First, Alker and Park suggest that requiring wealthy states to cover a slightly larger share of their Medicaid costs would lead to deep cuts in services for traditional enrollees. It is true, of course, that, under Paragon’s plan, some states would shoulder more of the responsibility to support their Medicaid programs. That’s the point. Wealthy states can afford to contribute more toward their Medicaid programs. They should do that, rather than impose the costs on taxpayers in other states.

But there’s little reason to think that states would respond by slashing benefits or coverage for traditional enrollees. In part that’s because the shift in financing from the federal government to wealthy states would represent a very small fraction of their overall budgets. Take California, for example. In 2026, under Paragon’s plan, the state’s financing responsibility for Medicaid would increase by an estimated $60 million, about 0.02 percent of its total budget. Even by 2034, when Paragon assumes that its policies will be fully implemented, the increase in state costs to California would equal about 2.3 percent of what the state is likely to spend that year. The nearly decade-long phase-in period gives state policy-makers ample time to adjust their spending priorities.

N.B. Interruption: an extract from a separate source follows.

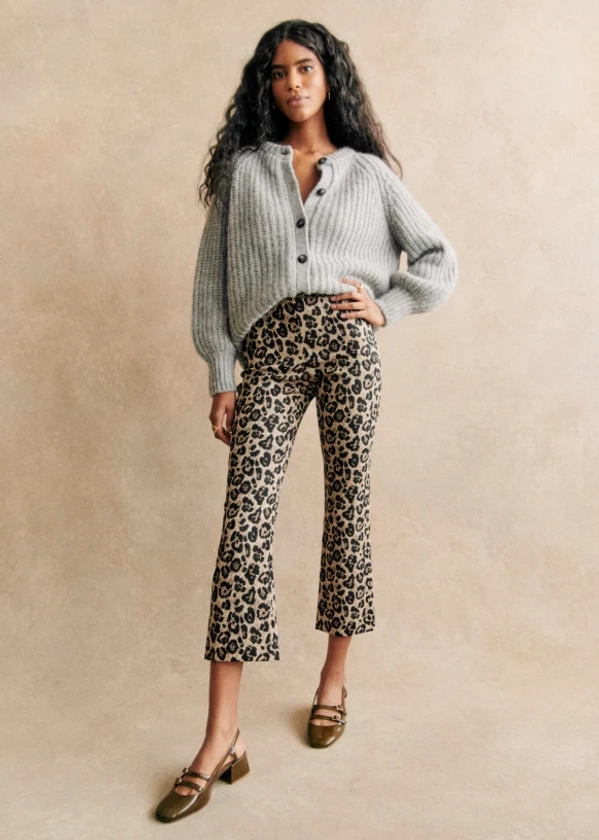 Pantalon Ciara - Jacquard Leopard - Coton - Sézane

Alker and Park also claim that Paragon’s plan to reduce the FMAP rate for expansion enrollees from 90 percent to the regular FMAP rate would lead some states to roll back the expansion and cause harm to traditional enrollees who have experienced positive spillover effects from the expansion. For example, they point out, expansion may have improved access to mental-health treatment for some parents, which could result in a healthier home environment for their children.

While expansion may have produced limited indirect benefits for some traditional enrollees, Alker and Park ignore the other side of the ledger. There is robust evidence that expansion led to a host of negative spillover effects that have harmed traditional enrollees, including children. In one study, my co-author and I found that per capita Medicaid spending on children grew less than one third as fast in expansion states as in states that opted not to expand, implying that the surge in new adults joining the program probably made it harder for children to receive care. Other scholars have found that Medicaid expansion led to longer waits for doctors’ appointments, slower ambulance response times, and greater delays in emergency rooms. Ending the federal government’s favoritism toward able-bodied, working-age Medicaid enrollees would help traditional enrollees, not hurt them.

Reforming entrenched government programs is never easy, but we shouldn’t let misinformed objections get in the way. Doing away with policies that disadvantage poor states and needy enrollees isn’t radical; it’s common sense.

Liam Sigaud is a postgraduate fellow at the Mercatus Center at George Mason University and an adjunct scholar at the Paragon Health Institute.